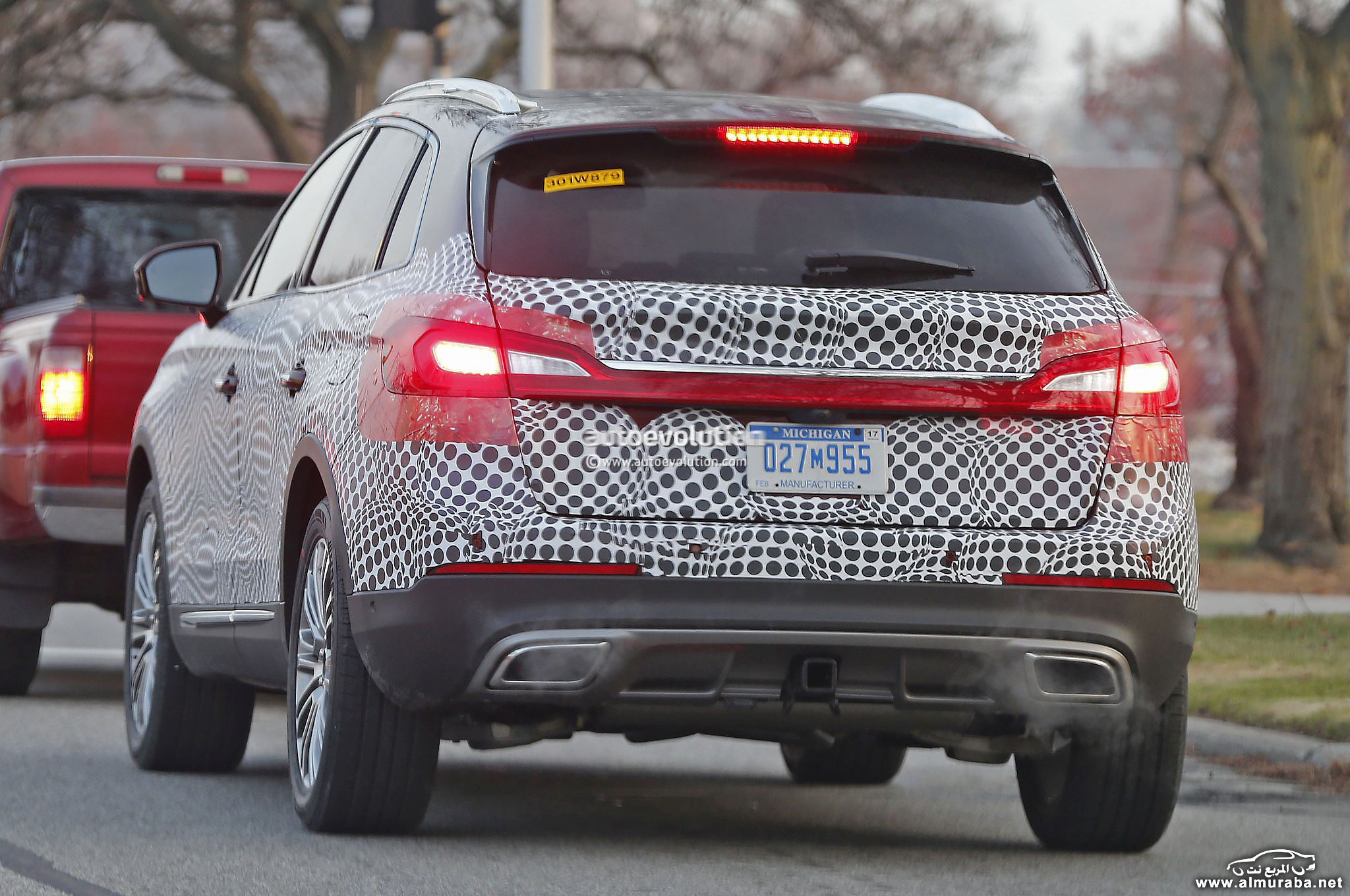 2016-lincoln-mkx-spied-in-production-ready-guise-photo-gallery_11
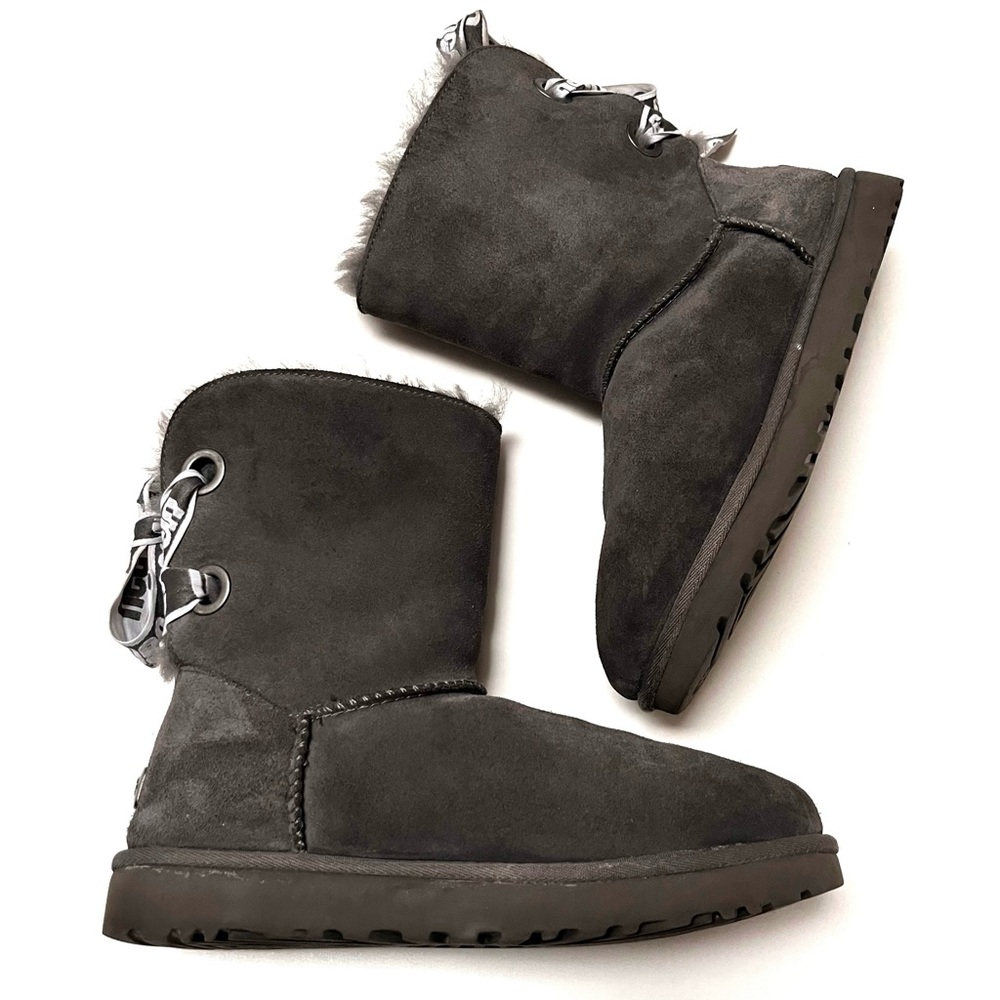 SALE!  UGGS Customizable Bailey Bow Boots 1098075 Size 8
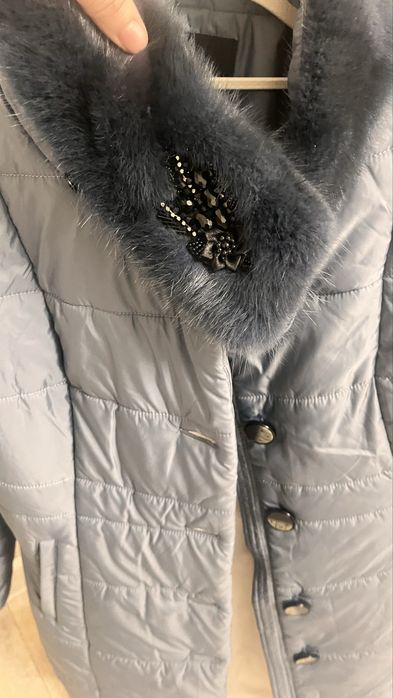 Қыста, күзде киетін куртка сатылады.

■ **YOUR TASK**
Exact copy, pictures omitted: every line from the one holding "1098075 Size 8" through the last line of the data above, and nothing else.

■ **ANSWER AREA**
 SALE!  UGGS Customizable Bailey Bow Boots 1098075 Size 8
 Қыста, күзде киетін куртка сатылады.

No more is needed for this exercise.